Еще сильнее были укоры со стороны беспоповщинских раскольников, например, Ивана Алексеева в «Истории бегствующего священства». Многие самые горячие приверженцы Епифания и поставленных от него попов стыдились через некоторое время сознаваться, что они когда-то принадлежали к согласию епифановщины.
V. АФИНОГЕН
Как падение старого Керженца способствовало возвышению Ветки, так, в свою очередь, падение Ветки было причиною быстрого возвышения слобод Стародубских. Здесь поселилась большая часть выведенных Сытиным из-за литовского рубежа старообрядцев. До того в Стародубье мало было попов, и жившие в тамошних лесах старообрядцы так одичали, что более походили на каких-то грубых инородцев, чем на русских людей. Грамотных у них вовсе почти не было, и кто с трудом и запинаясь на каждом слове умел читать «Часослов», тот считался уже великим богословом. Старики правили службу только по «Часослову» и «Псалтыри», других книг и знать никто не хотел. Так, когда однажды в слободу Злынку привез один старообрядец из Москвы старопечатный «Октоих» и велел читать по нем канон, то едва успели сказать начальные слова первой песни: «Колесницегонителя Фараона погрузи», поднялся страшный шум. «Что это за книга? — кричали злынковские старообрядцы, — зачем она здесь? Что в ней за колеса да фараон? Это по новой вере! Это книга никонианская, еретическая. В печь ее, да сжечь!» Когда же поселились здесь ветковские раскольники, жизнь в Стародубье изменилась: явились промышленность и торговля, завелись вскоре и фабрики. В Клинцах особенно развилась фабрикация сукон. Начались деятельные сношения с Москвой и Петербургом, явились значительные капиталы. Построение церквей и появление попов в достаточном количестве придали большой блеск Стародубью, и оно сделалось средоточием всей рассеянной по Руси и по зарубежным местам поповщины.
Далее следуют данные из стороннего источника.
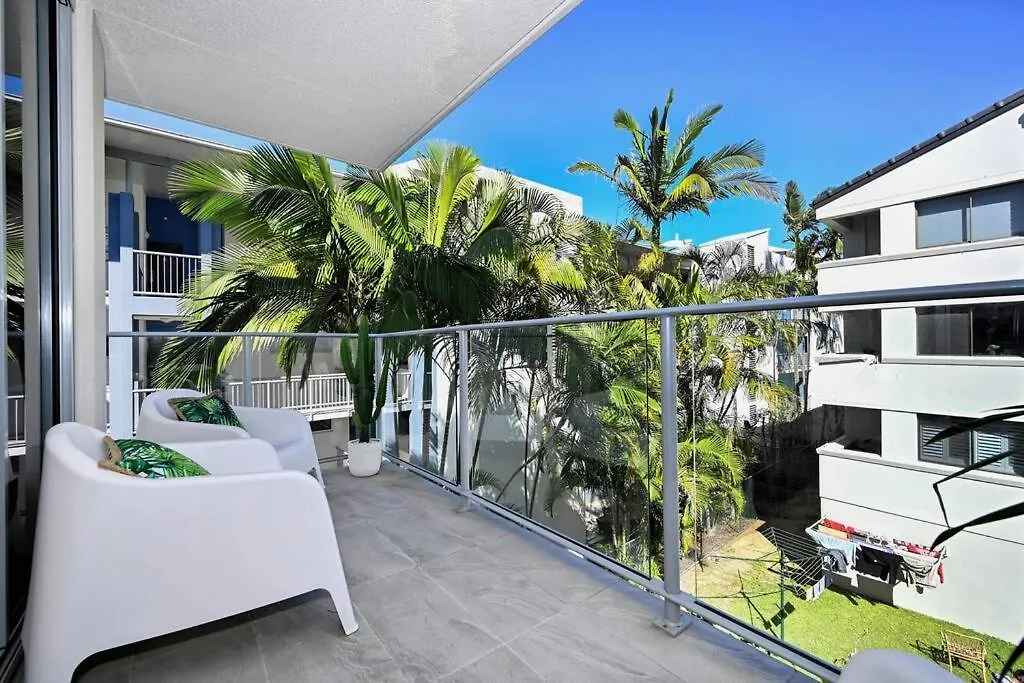 Kings Beach - Beachfront Bliss Caloundra Apartment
Неблагосклонно смотрели, однако, коренные стародубляне. Когда зарубежные выходцы стали у них в слободах ставить церкви, они возроптали и произвели мятеж. «Зачем нам церкви? — говорили они. — Наши отцы от церкви из России ушли; у нас церквей слыхом не слыхано, видом не видано, а ныне церкви и в наших местах строят», — и чуть не сожгли их. Когда в новопостроенных церквах начали служить обедню, большой ропот опять поднялся от коренных жителей Стародубья.
— Что это за поп? — говорили они. — Сам причастье работает! Разве это можно? У нас было причастье старое, а это все новая вера!
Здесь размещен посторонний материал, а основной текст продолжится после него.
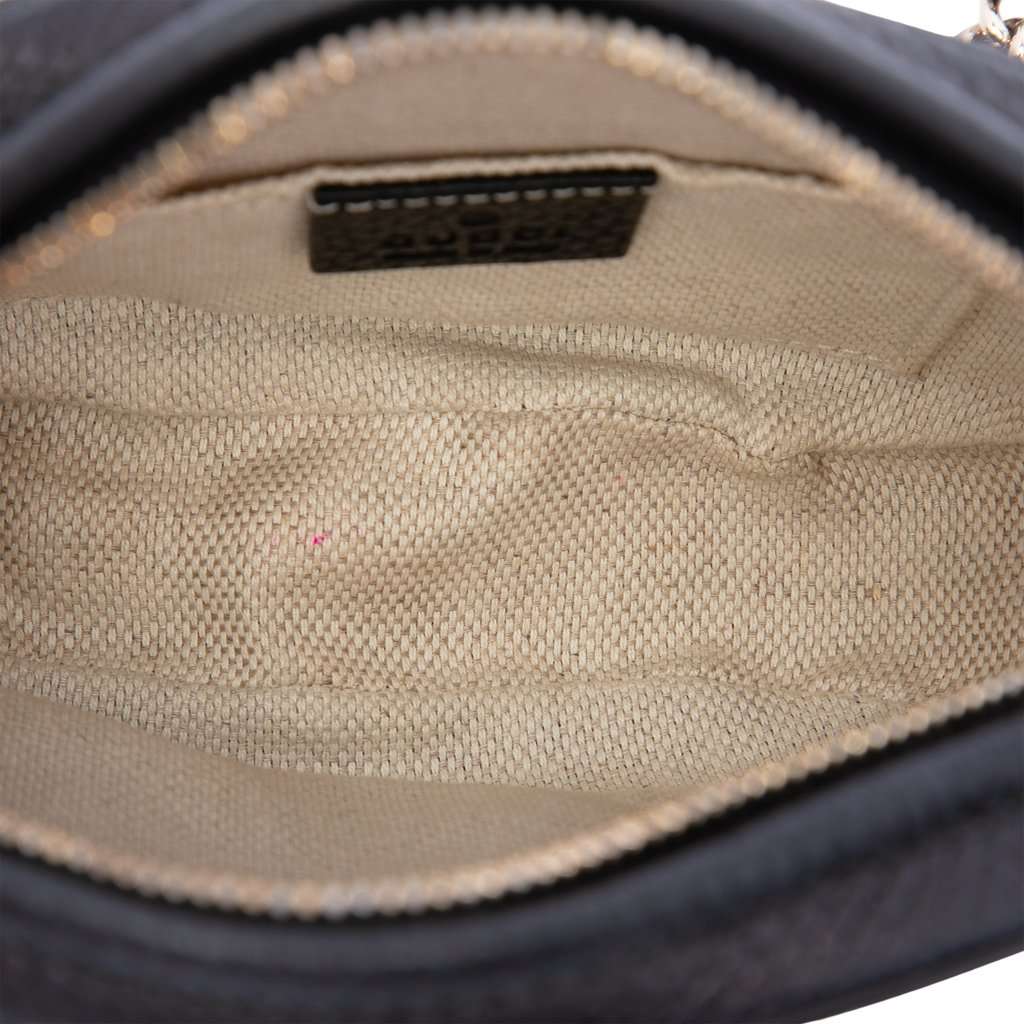 Gucci Mini Pebbled Calfskin Soho Chain Crossbody Black Leather Very good - Model View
Спустя несколько лет смягчились немного нравы стародубских дикарей, и они мало-помалу слились с зарубежными пришельцами в одни общины. Упорных осталось немного. Но в некоторых слободах [105] все-таки никак не могли решиться на постройку церквей, довольствуясь часовнями, хотя и имели в свое время полную возможность и достаточно средств к устройству церквей.
105
В Воронке, Ардоне, Святской, Радуле, Млинке, Митьковке, Шеламе, Чуровичах, Деменке и Тимошкином-Перевозе. Тут были только часовни. Церкви были в Климовой, Зыбковой, Злынке, Клинцах, Лужках, Еленке и Добрянке.
В слободе Зыбкой (ныне уездный город Новозыбков, Черниговской губернии) была в тридцатых и сороковых годах прошлого столетия часовня дьяконовщины, на месте которой, не ранее 1771 года, построена была церковь Рождества Христова. При ней с 1739 года был беглый поп Патрикий, ревностный последователь дьякона Александра, казненного в 1720 году, в Нижнем Новгороде, на Нижнем базаре. Патрикий был человек хитрый, умный, начитанный и честолюбивый. Он приобрел огромное влияние на старообрядцев дьяконовского согласия, как в России, так и за границей. Высокий ростом, с белыми волосами, с бородой едва не до колен, сановитый, с важною поступью, он внушал к себе чрезвычайное уважение. Жизни был строгой, подвижнической и самых честных правил. Его называли даже «патриархом». И во всем «дьяконовом согласии» он действительно был верховным правителем духовных дел: назначал попов, судил их и мирян, рассылал у вещательные и обличительные послания. Словом, Патрикий стоял во главе сильной еще тогда дьяконовщины.
Тревожила нередко и Патрикия мысль, не оставлявшая издавна старообрядцев. «Ведь только та церковь свята и истинна, — думал он, — где преемственно сохраняются все три чина духовной иерархии; а где у нас епископы?»
В 1749 году явился в Зыбкую молодой монах, по говору великорусс, человек пылкого характера, острого ума, отлично знавший церковные уставы, красноречивый, ученый, знавший даже по-латыни, говоривший по-французски и по-польски. Наружность его была чрезвычайно красива: высокого роста, дородный, с бледным лицом, с блестящими умными глазами, с черными, как смоль, волосами и с такою же широкою, длинною, окладистою бородой. Голос у него был светлый и громкий, держал он себя сановито и имел самые изящные манеры, доказывавшие, что он, если не постоянно, то весьма часто обращался в хорошем обществе. Молодой чернец говорил, что происходит он из дворянской фамилии, какой — мы не знаем. И это было верно, что он хорошего роду. Платье на этом чернеце-дворянине было обыкновенное монашеское, старообрядческое, но камилавка и кафтырь как-то особенно ловко сидели на нем. На кафтыре и на келейной мантии, которую старообрядческие монахи и монахини носят как пелеринку, обычная красная оторочка вроде кантика выложена была из яркого кармазинного сукна, бросавшегося издали в глаза. Все было на чернеце так чисто, так опрятно, так щеголевато. Называл он себя священноиноком (то есть иеромонахом) Афиногеном, говоря, что, познав истину «древляго благочестия», презрел он почести и славу и пошел, бога ради, странствовать, изыскивая хорошего места между ревнителями старого обряда, где бы мог проводить до конца дней своих тихое и безмятежное житие.